Business representatives and lawyers convened at COP 27 to discuss what law in the net zero future would look like. At “reconfiguring the law for a net-zero future”, panellists emphasised the private sector’s reliance on their legal advisors for helping set and meet corporate net-zero targets, facilitating cooperation between governments and businesses for the creation of effective climate regulation, and developing an understanding of such regulation to ensure their investments and growth plans are productive, sustainable and net-zero compliant.
Panellists further emphasised that the private sector understood and recognised the need for change. However, businesses still require effective and appropriate climate laws and regulation to stabilise the risk inherent in such change. Indeed, businesses reported that they were often unable to make climate-positive changes without the government action, such as amendments to anti-trust laws, that would permit them to do so.
Businesses and their lawyers also voiced their awareness of the transformative effect of climate litigation.
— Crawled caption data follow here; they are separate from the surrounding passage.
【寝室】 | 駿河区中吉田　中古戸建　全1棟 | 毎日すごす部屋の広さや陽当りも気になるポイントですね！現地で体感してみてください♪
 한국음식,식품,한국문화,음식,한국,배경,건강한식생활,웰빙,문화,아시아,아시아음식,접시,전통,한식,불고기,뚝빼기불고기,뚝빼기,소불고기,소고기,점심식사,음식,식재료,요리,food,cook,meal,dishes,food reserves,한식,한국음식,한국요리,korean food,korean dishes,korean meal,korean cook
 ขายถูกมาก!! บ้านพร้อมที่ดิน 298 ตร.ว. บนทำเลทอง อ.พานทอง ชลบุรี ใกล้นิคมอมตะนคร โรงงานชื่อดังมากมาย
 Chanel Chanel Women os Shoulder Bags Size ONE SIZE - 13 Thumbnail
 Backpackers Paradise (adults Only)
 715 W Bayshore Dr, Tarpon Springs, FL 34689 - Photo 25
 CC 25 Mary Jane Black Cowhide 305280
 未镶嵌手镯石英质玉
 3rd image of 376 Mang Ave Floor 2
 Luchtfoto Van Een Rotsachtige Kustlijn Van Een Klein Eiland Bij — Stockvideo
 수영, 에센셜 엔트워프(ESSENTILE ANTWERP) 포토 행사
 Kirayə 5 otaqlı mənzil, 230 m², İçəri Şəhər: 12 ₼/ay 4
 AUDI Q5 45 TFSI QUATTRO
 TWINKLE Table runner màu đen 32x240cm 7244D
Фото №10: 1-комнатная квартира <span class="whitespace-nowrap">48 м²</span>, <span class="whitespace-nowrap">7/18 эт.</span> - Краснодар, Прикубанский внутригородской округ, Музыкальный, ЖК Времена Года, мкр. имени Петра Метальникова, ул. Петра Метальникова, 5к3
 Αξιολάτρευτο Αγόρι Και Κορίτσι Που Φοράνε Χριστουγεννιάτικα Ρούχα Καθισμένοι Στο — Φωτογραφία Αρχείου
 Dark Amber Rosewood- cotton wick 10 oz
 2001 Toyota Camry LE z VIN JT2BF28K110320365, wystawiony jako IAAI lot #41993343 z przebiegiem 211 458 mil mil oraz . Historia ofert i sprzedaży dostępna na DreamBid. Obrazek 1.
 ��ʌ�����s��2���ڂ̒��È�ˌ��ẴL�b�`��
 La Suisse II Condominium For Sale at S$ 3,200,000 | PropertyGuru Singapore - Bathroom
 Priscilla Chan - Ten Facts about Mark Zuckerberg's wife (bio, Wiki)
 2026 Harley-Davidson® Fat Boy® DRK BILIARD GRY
Long recognised as posing a threat to the companies targeted by such litigation, it is now increasingly understood as playing an important role in defining the parameters and details of existing and future climate law and regulation through the creation of legal precedent and establishing consistent legal interpretation. Panellists recognised that should elements of the private sector refuse to engage with the move to net-zero, and consequently expose themselves to climate litigation, they may not only be faced with legal action but also with the prospect of being forced to operate in a legal and regulatory environment created by cases directly aimed at halting or radically altering their day-to-day business operations.
Climate litigation is now established in the legal environment. However, panellists at an event on resolving climate change disputes outside of state courts highlighted the potential for private climate arbitration. While climate change inspired treaty arbitrations have already taken place, lawyers on the panel noted that any contracts containing arbitration clauses and encompassing climate commitments could inspire such disputes. This was especially true when parties to such contracts have made wider commitments that rely on third parties, such as within their supply chains, meeting certain standards too.
In such cases, international arbitration could have significant advantages for private parties, with the privacy, industry expertise and ease of global enforcement of the arbitral process better suited to complex climate disputes and international contracts than state litigation.
In all cases, private businesses are entering a world of rapidly changing laws and regulations, as well as an uncertain business and dispute resolution environment. As trusted advisers, lawyers must not only change with the times but anticipate the changes that will shape law in the net zero future.